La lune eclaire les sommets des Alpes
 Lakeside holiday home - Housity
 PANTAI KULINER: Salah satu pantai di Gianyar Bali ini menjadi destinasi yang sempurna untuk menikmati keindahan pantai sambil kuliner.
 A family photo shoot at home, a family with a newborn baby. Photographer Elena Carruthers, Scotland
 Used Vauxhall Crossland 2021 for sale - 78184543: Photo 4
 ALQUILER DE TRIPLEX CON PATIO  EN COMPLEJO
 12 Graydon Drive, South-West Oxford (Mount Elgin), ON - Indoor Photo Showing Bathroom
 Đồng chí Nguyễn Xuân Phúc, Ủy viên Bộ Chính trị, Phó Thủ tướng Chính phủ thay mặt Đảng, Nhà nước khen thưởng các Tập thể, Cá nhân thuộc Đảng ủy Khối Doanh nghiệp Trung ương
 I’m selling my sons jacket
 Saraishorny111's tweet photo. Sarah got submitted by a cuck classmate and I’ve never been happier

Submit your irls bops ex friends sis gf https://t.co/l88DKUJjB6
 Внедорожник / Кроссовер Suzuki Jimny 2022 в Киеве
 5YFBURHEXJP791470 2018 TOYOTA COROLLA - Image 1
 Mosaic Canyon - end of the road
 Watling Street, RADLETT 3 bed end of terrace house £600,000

#####

- **TASK DESCRIPTION**: The reply must consist solely of the lines from the one containing "Submit your irls" through the last line in the material above, reproduced exactly.

- **YOUR SOLUTION**:
Submit your irls bops ex friends sis gf https://t.co/l88DKUJjB6
 Внедорожник / Кроссовер Suzuki Jimny 2022 в Киеве
 5YFBURHEXJP791470 2018 TOYOTA COROLLA - Image 1
 Mosaic Canyon - end of the road
 Watling Street, RADLETT 3 bed end of terrace house £600,000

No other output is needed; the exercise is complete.